Thursday, January 26, 2006

Walk Across the World


I met this guy today.

His name is Karl Bushby and he wants to be the first one to walk with unbroken steps from the bottom tip of South America all the way back to his home country of England. His website says, "It is possible to journey by foot from the southern most point of South America back to England and leave behind you an unbroken trail of footprints!"

He seemed like a nice gentleman. He's my age, 33, and he's from Yorkshire, England. Since my dad was born in that area, we had a bit to talk about. He has already been walking for six years. He finally got to Nome a few days ago. I bumped into him in the teacher's lounge as he was waiting to talk to the high school journalism class.

His next step is to cross the Bering Strait. This is the shortest point to Russia and there is a lot of ice on the sea now. He said what he can't walk he actually has to swim a bit.
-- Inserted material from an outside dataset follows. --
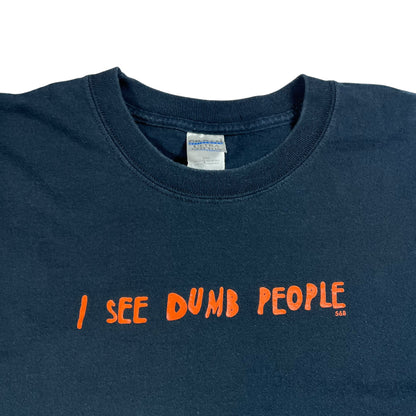 Vintage Y2K “I SEE DUMB PEOPLE” long sleeve shirt (XXL)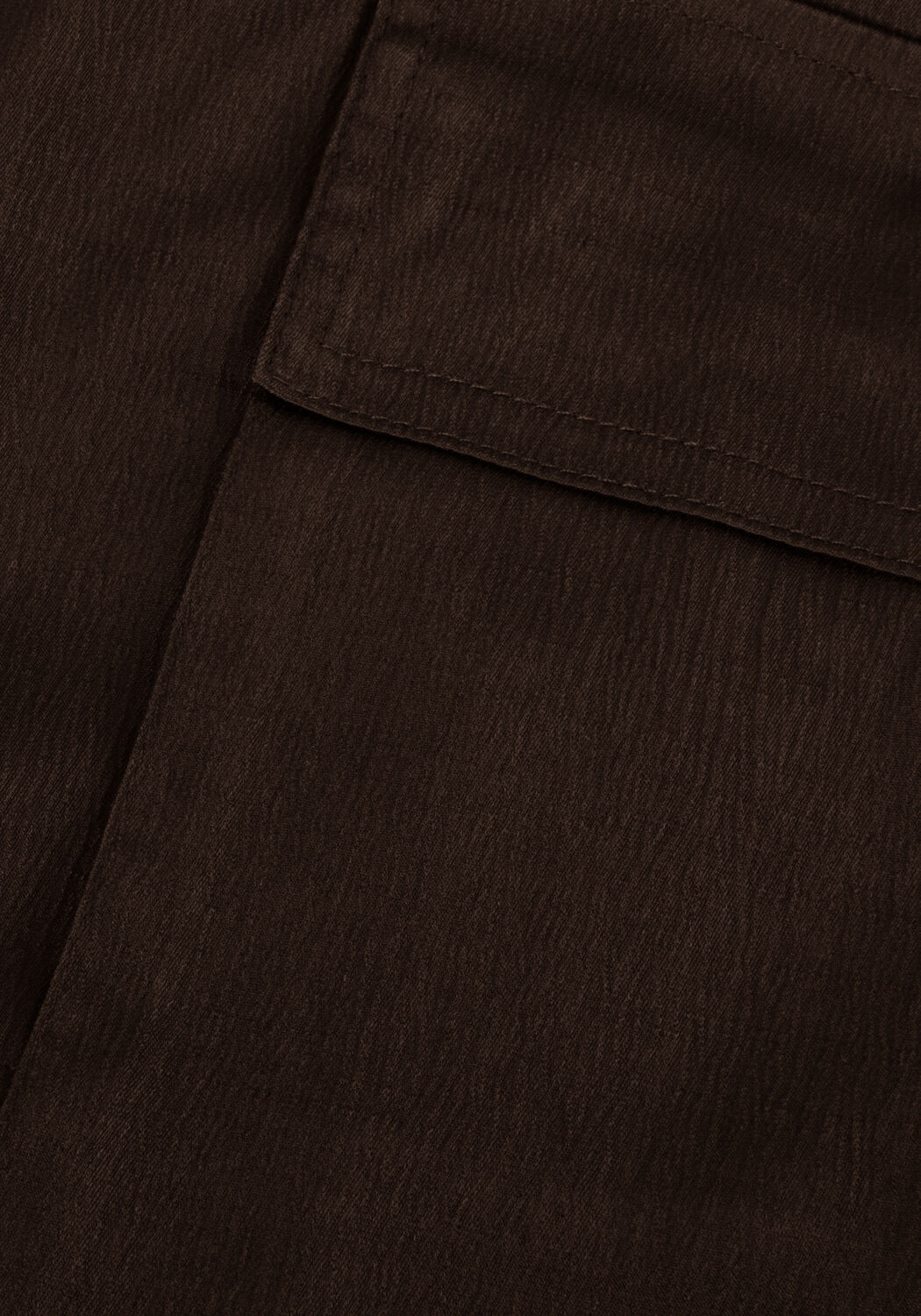 MINUS Pantalon cargo WENDY WIDE LEG PANT en marron - large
Our school website says, "The distance across the Bering Strait from Siberia to Alaska's Seward Peninsula is approximately 55 miles, and for several periods during the Pleistocene Ice Ages the trip could be made entirely on land instead of water. During additional periods, the passage from Siberia to North America could also have been made by small watercraft moving along coastlines."

Hilariously, some of the teachers at lunch were saying good luck and going about their business. One teacher told me that every other year or so somebody comes through here thinking they are going to walk right across a nice little patch of ice. She talked about pressure ridges where the ice buckles together like the Himalayan Mountains. Remember, this is the bloody ocean. There will be a lot that is not frozen solid and almost unpassable. He says he may have to go even further north in order to make the cross, and if he does that, he has to go across way more than 55 miles. Yeah, 55 miles is nothing--it's an hour's car ride at 55 mph. Nothing. However, my mom wouldn't let me play on the ice on the little pond out back growing up half the time. That was a pond in the back yard. This is the ocean that Bushby is trying to cross on foot.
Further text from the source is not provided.